Let $n=R(s-1,t)+R(s,t-1)$ so we need to show that $R(s,t)\le n$. In other words, we need to show that any colouring of $K_n$ contains a red $K_s$ or a blue $K_t$.

Consider any colouring of $K_{n}$ and consider the vertex $v_1$ of $K_{n}$. There are $n-1$ edges of $K_{n}$ incident to $v_1$. Let $r$ be the number of these edges coloured red and let $b$ be the number of these edges coloured blue. Then $r+b=n-1$. It must be the case that $r\ge R(s-1,t)$ or $b\ge R(s,t-1)$ since, otherwise, $r\le R(s-1,t)-1$ and $b\le R(s,t-1)-1$, so $r+b \le n-2$. We consider each of these cases separately:

• If $r\ge R(s-1,t)$ then there are vertices $x_1,\ldots,x_{R(s-1,t)}$ such that $v_1x_i$ is a red edge, for each $1\le i\le R(s-1,t)$. By the definition of $R(s-1,t)$, the graph on $x_1,\ldots,x_{R(s-1,t)}$ contains a red $K_{s-1}$ or it contains a blue $K_t$. If it contains a blue $K_t$, then we are done. If it contains a red $K_{s-1}$, we can add $v_1$ to this red $K_{s-1}$ to get a red $K_s$ and we are also done.

• If $b\ge R(s,t-1)$ then there are vertices $x_1,\ldots,x_{R(s,t-1)}$ such that $v_1x_i$ is a blue edge, for each $1\le i\le R(s,t-1)$. By the definition of $R(s,t-1)$, the graph on $x_1,\ldots,x_{R(s,t-1)}$ contains a red $K_{s}$ or it contains a blue $K_{t-1}$. If it contains a red $K_s$, then we are done. If it contains a blue $K_{t-1}$, we can add $v_1$ to this blue $K_{t-1}$ to get a blue $K_t$ and we are also done. ∎

This is an easy application of the Product Rule.
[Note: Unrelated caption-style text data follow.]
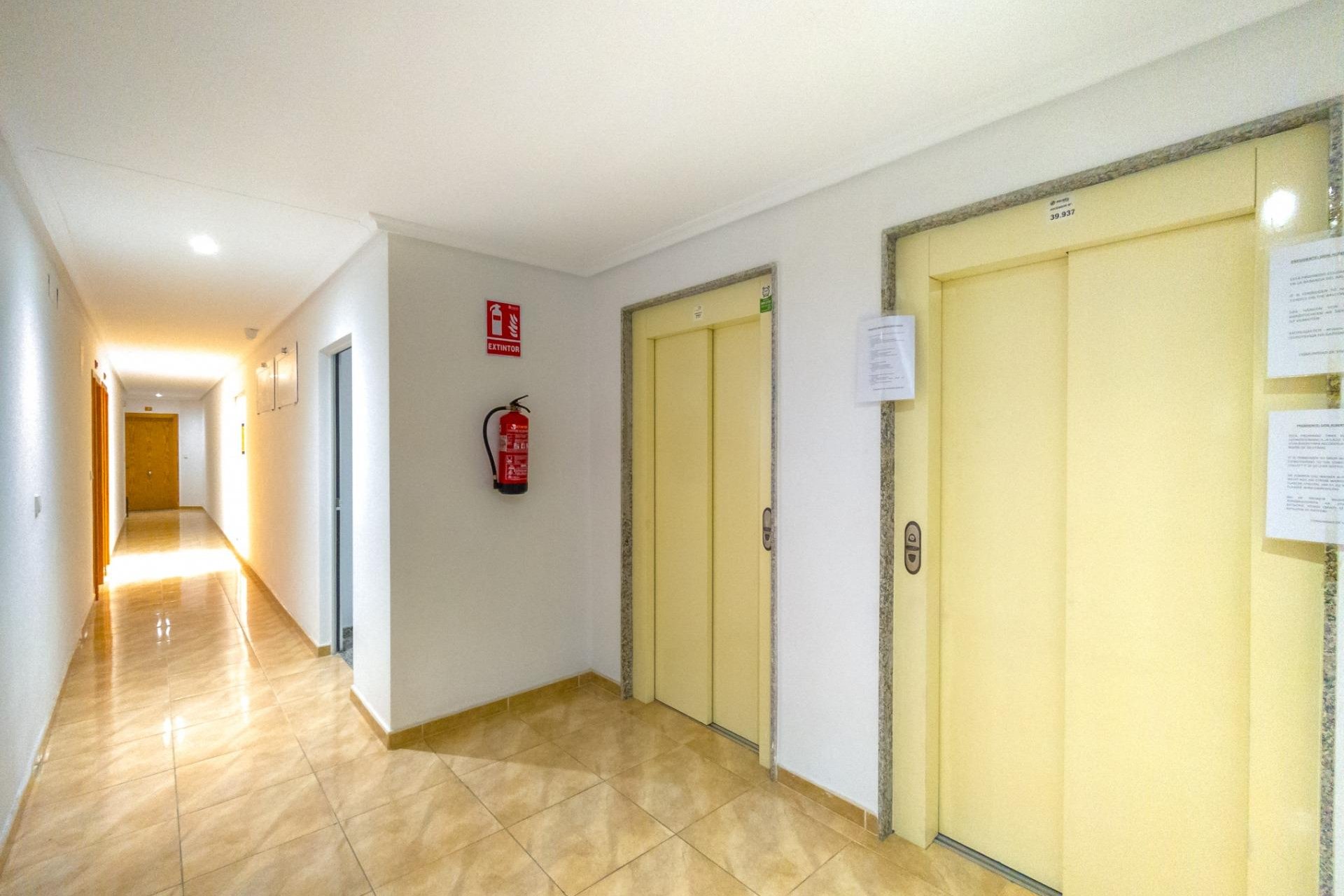 Resale - Apartment -
Torrevieja - Acequion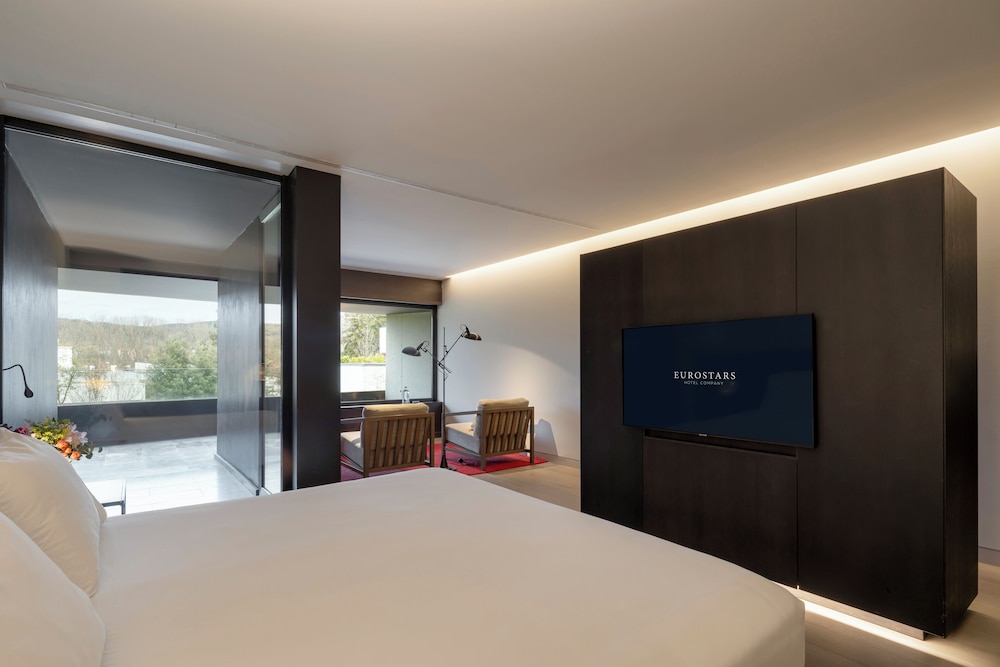 Habitación Grand (Deluxe) del hotel Eurostars Pamplona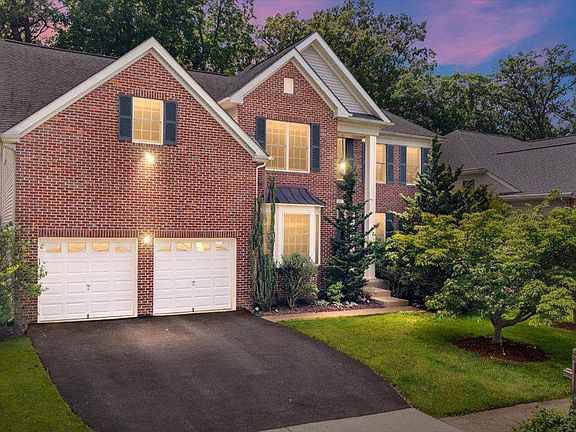 2nd image of 12221 Harbor Town Cir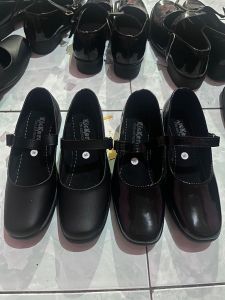 Sepatu pantofel 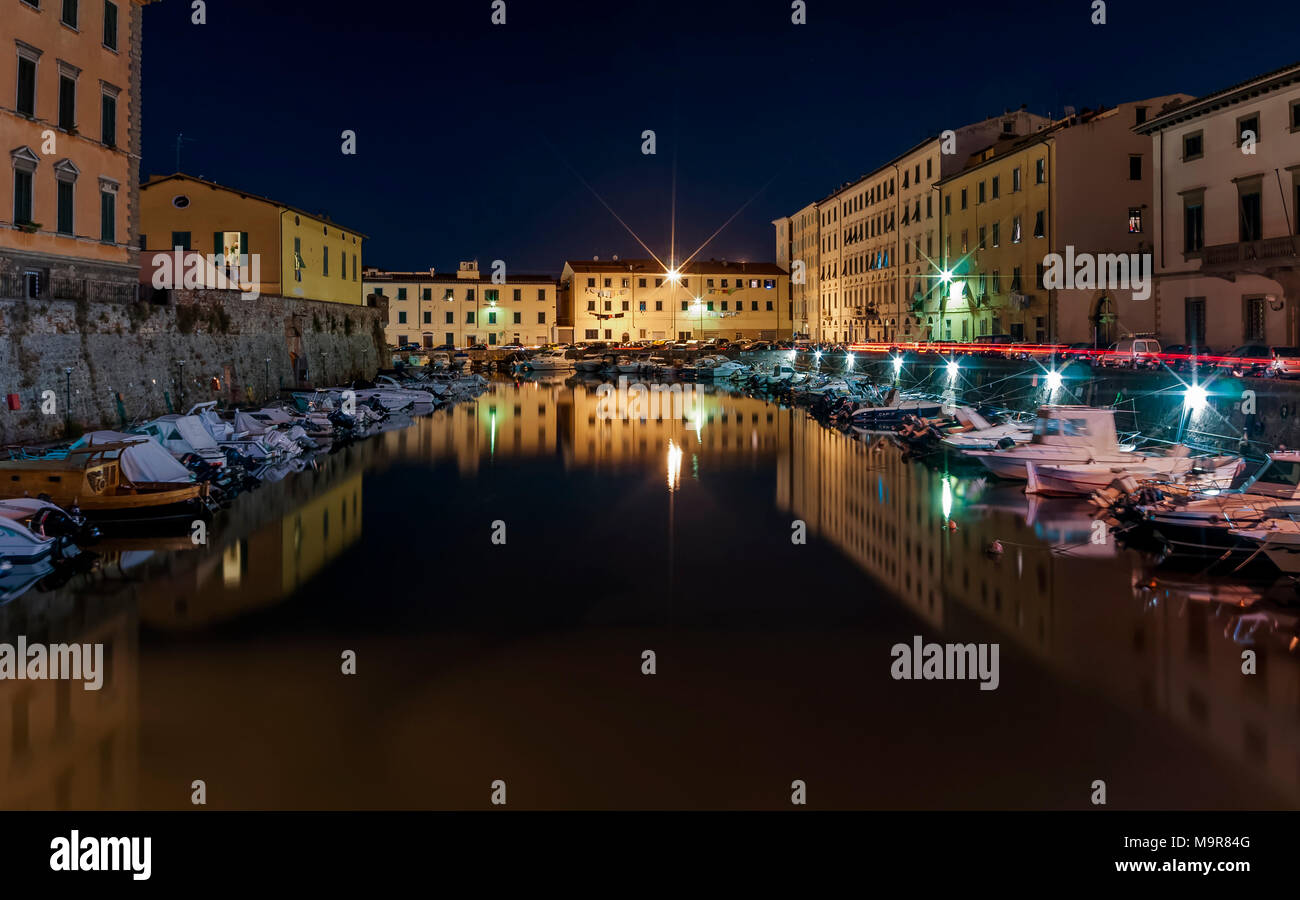 Marina nel centro storico di Livorno a notte, Toscana, Italia Foto Stock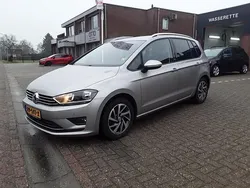 Grijs Gebruikt 2017 VW Golf Sportsvan Sound MPV | € 15.650 (Eerlijke prijs)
Let $x_1,\ldots,x_n$ be the elements of $X$. Define the following procedure: For each $i\in\{1,\ldots,n\}$, choose one of the sets $A$, $B$, or $C$ and add $x_i$ to this chosen set.

This is an $n$-step procedure and at each step $i$ we have $N_i=3$ options. Therefore, the number executions of the procedure is $N_1\times N_2\cdots N_n=3^n$. Clearly we can generate any partition of $X$ using this procedure and for any partition there is only one way to generate it using this procedure. Therefore, there are $3^n$ ways to partition $X$ into three sets $A$, $B$, and $C$.

There are lots of possible answers to this question. Another is to observe that this is the same as asking for the number of functions $f:X\to\{a,b,c\}$. That is, the number of ways of labelling the elements of $X$ with the set to which they should be assigned. In the first class we saw that the number of such functions is $3^n$.

This is very similar to the previous question. For each element $x\in X$, we get to choose if $x$ goes into $A$, or $x$ goes into $B$, or $x$ doesn't go into either set. Again, this gives an $n$ step procedure with $3$ choices at each step, so the answer is $3^n$.

Since $A\cup B\cup C=X$ any procedure we come up with has to make sure that $x$ belongs to at least one of $A$, $B$, or $C$ for each $x\in S$. This means that, for each $x\in S$ we have $7$ options for the sets that contain $x$, where each option corresponds to one of the $7$ non-empty subsets of $\{A,B,C\}$. More specifically, for each $x\in S$, we can have choose any of $\{C\}$, $\{B\}$, $\{B,C\}$, $\{A\}$, $\{A,C\}$, $\{A,B\}$ or $\{A,B,C\}$ and place $x$ into each of the sets we choose. This gives an $n$ step procedure for defining $A$, $B$, and $C$, where each step has $7$ options, so the answer is $7^n$.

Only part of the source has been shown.